> **EXERCISE**
Copy, exactly and without additions, every line in the records below from the one holding "Plakat do filmu" through the one holding "DIY Carport Lemmer", both ends included.

Data records
++++++++++

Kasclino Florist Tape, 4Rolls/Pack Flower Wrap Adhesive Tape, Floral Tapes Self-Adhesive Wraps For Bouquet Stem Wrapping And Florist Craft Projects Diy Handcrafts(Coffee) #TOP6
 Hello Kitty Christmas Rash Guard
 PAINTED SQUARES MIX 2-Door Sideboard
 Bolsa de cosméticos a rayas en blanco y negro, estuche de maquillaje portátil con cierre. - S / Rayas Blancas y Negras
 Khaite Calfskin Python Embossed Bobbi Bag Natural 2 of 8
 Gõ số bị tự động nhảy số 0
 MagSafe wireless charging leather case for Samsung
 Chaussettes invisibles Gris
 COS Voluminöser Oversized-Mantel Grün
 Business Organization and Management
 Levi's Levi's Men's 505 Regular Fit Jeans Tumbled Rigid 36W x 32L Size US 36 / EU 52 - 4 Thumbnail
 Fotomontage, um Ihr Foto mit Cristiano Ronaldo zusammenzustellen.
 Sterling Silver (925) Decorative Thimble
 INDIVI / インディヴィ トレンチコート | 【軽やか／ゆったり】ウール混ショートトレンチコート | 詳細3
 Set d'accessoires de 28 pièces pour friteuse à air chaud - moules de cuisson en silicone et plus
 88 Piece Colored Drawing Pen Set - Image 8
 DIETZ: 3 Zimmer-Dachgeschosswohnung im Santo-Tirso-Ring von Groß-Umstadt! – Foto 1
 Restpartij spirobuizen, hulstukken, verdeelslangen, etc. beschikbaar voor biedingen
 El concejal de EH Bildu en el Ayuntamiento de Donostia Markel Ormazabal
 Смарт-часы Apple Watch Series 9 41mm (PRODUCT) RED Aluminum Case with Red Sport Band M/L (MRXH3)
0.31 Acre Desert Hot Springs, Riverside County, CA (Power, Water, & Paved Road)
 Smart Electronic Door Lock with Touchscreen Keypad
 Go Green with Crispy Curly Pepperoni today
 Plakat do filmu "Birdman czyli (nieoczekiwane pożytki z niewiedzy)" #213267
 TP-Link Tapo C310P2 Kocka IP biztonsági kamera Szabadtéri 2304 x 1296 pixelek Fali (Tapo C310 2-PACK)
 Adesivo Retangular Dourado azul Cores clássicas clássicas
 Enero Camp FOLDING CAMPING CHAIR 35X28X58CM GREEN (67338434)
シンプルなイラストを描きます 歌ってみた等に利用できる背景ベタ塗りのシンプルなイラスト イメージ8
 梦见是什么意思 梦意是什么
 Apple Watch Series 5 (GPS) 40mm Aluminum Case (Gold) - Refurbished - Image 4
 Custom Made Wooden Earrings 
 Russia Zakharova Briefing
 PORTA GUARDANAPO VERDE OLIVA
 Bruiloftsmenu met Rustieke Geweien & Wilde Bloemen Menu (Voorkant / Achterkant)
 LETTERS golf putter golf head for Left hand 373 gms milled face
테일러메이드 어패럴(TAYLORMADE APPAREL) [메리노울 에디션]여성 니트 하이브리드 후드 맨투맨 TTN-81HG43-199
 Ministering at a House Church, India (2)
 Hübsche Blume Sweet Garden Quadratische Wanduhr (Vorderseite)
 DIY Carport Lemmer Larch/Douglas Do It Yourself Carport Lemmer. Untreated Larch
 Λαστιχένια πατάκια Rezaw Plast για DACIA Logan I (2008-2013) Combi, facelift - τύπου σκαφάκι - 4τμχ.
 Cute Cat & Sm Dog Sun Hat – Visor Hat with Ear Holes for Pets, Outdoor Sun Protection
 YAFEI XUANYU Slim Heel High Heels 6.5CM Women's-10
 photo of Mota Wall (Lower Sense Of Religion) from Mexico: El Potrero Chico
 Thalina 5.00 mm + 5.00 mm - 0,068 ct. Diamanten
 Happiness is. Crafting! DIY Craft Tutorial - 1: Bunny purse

++++++++++

> **ANSWER TO THE PROBLEM**
 Plakat do filmu "Birdman czyli (nieoczekiwane pożytki z niewiedzy)" #213267
 TP-Link Tapo C310P2 Kocka IP biztonsági kamera Szabadtéri 2304 x 1296 pixelek Fali (Tapo C310 2-PACK)
 Adesivo Retangular Dourado azul Cores clássicas clássicas
 Enero Camp FOLDING CAMPING CHAIR 35X28X58CM GREEN (67338434)
シンプルなイラストを描きます 歌ってみた等に利用できる背景ベタ塗りのシンプルなイラスト イメージ8
 梦见是什么意思 梦意是什么
 Apple Watch Series 5 (GPS) 40mm Aluminum Case (Gold) - Refurbished - Image 4
 Custom Made Wooden Earrings 
 Russia Zakharova Briefing
 PORTA GUARDANAPO VERDE OLIVA
 Bruiloftsmenu met Rustieke Geweien & Wilde Bloemen Menu (Voorkant / Achterkant)
 LETTERS golf putter golf head for Left hand 373 gms milled face
테일러메이드 어패럴(TAYLORMADE APPAREL) [메리노울 에디션]여성 니트 하이브리드 후드 맨투맨 TTN-81HG43-199
 Ministering at a House Church, India (2)
 Hübsche Blume Sweet Garden Quadratische Wanduhr (Vorderseite)
 DIY Carport Lemmer Larch/Douglas Do It Yourself Carport Lemmer. Untreated Larch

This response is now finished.